__PROVIDED MATERIAL__.

# # # #

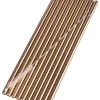 Barstuff Trinkhalme, Edelstahl (8x215mm), kupferfarben - 10 Stk.-Set mit Reinigungsbürste
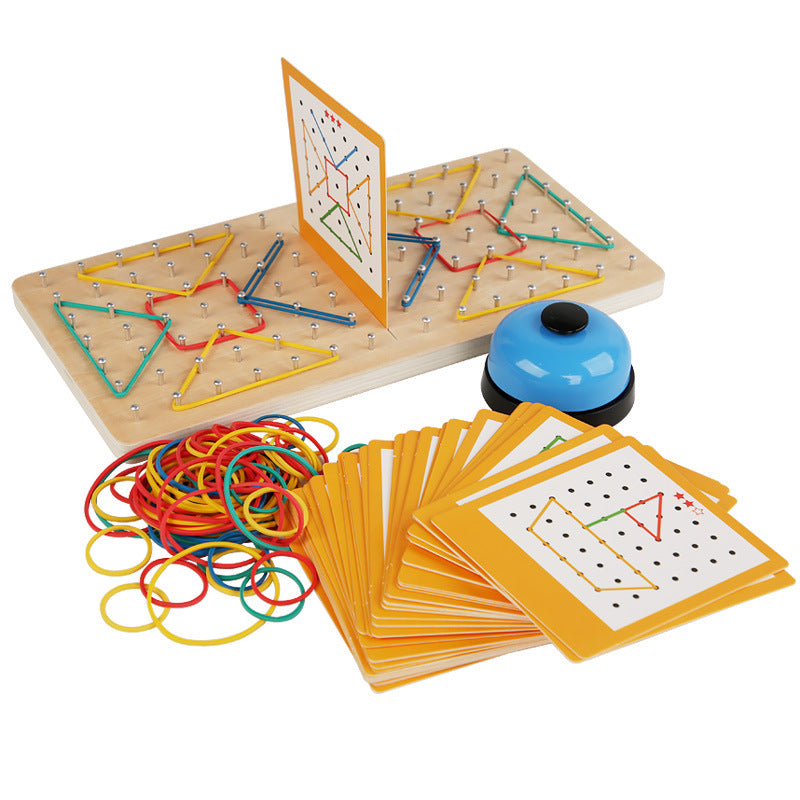 Wooden Nail Board Montessori Toys Fine Motor Skills for Kids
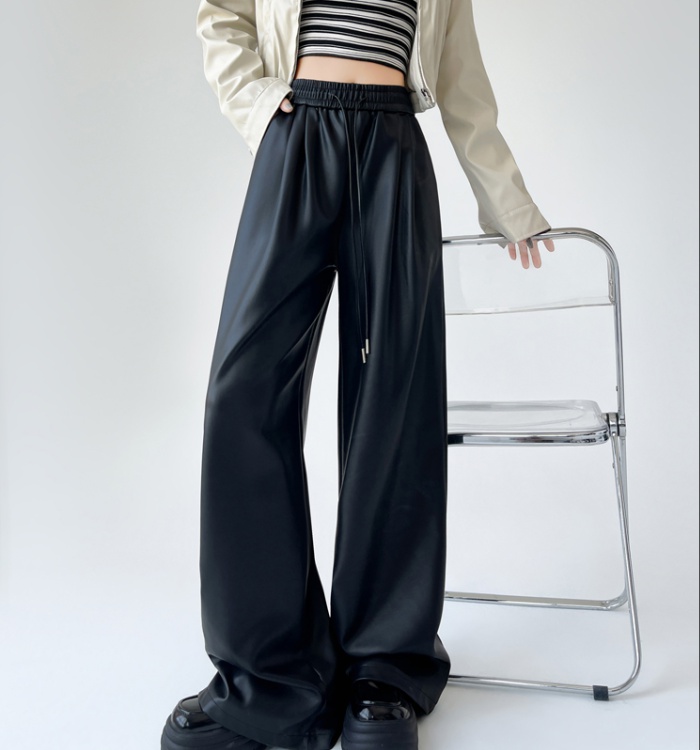 Casual slim wide leg pants mopping pants for women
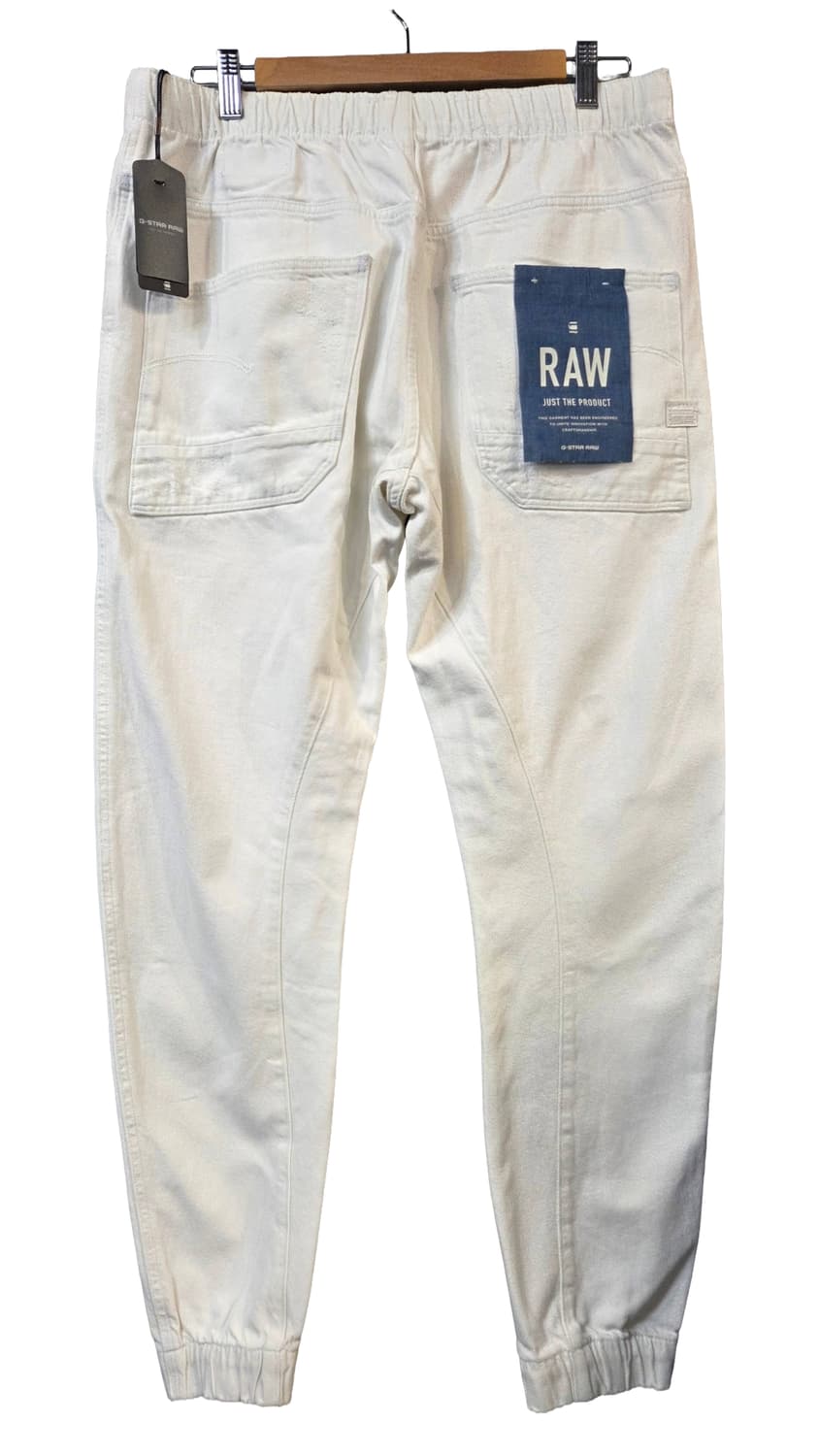 G-STAR화이트 데미지 조거팬(W33/L32)남여공용 상품이미지2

# # # #

__EXERCISE DETAILS__. Return the data verbatim, leaving out the pictures it holds.

__REPLY__.
 Barstuff Trinkhalme, Edelstahl (8x215mm), kupferfarben - 10 Stk.-Set mit Reinigungsbürste
 Wooden Nail Board Montessori Toys Fine Motor Skills for Kids
 Casual slim wide leg pants mopping pants for women
 G-STAR화이트 데미지 조거팬(W33/L32)남여공용 상품이미지2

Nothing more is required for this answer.